As a command line tool, CIS has not been designed with a python API in mind. There are however some utility functions that may provide a useful start for those who wish to use CIS as a python library. For example, the functions in the base cis module provide a straightforward way to load your data. They can be easily import using, for example: from cis import read_data. One of the advantages of using CIS as a Python library is that you are able to perform multiple operations in one go, that is without writing to disk in between. In certain cases this may provide a significant speed-up.

Note

This section of the documentation expects a greater level of Python experience than the other sections. There are many helpful Python guides and tutorials available around the web if you wish to learn more.

The read_data() function is a simple way to read a single gridded or ungridded data object (e.g. a NetCDF variable) from one or more files. CIS will determine the best way to interpret the datafile by comparing the file signature with the built-in data reading plugins and any user defined plugins. Specifying a particular product allows the user to override this automatic detection.

cis.read_data(filenames, variable, product=None)¶

Read a specific variable from a list of files Files can be either gridded or ungridded but not a mix of both. First tries to read data as gridded, if that fails, tries as ungridded.

Parameters:

filenames (string or list) – The filenames of the files to read. This can be either a single filename as a string, a comma separated list, or a list of string filenames. Filenames can include directories which will be expanded to include all files in that directory, or wildcards such as * or ?.
variable (str) – The variable to read from the files
product (str) – The name of the data reading plugin to use to read the data (e.g.
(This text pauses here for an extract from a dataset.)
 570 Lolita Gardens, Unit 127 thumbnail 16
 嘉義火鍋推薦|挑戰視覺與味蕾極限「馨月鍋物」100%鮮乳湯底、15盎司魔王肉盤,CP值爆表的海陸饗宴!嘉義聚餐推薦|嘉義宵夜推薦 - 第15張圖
Cloud_CCI).

Returns:

The specified data as either a GriddedData or UngriddedData object.

The read_data_list() function is very similar to read_data() except that it allows the user to specify more than one variable name. This function returns a list of data objects, either all of which will be gridded, or all ungridded, but not a mix. For ungridded data lists it is assumed that all objects share the same coordinates.

cis.read_data_list(filenames, variables, product=None, aliases=None)¶

Read multiple data objects from a list of files. Files can be either gridded or ungridded but not a mix of both.

Parameters:

filenames (string or list) – The filenames of the files to read. This can be either a single filename as a string, a comma separated list, or a list of string filenames. Filenames can include directories which will be expanded to include all files in that directory, or wildcards such as * or ?.
variables (string or list) – One or more variables to read from the files
product (str) – The name of the data reading plugin to use to read the data (e.g. Cloud_CCI).
aliases (string or list) – List of aliases to put on each variable’s data object as an alternative means of identifying them.

Returns:

A list of the data read out (either a GriddedDataList or UngriddedDataList depending on the type of data contained in the files)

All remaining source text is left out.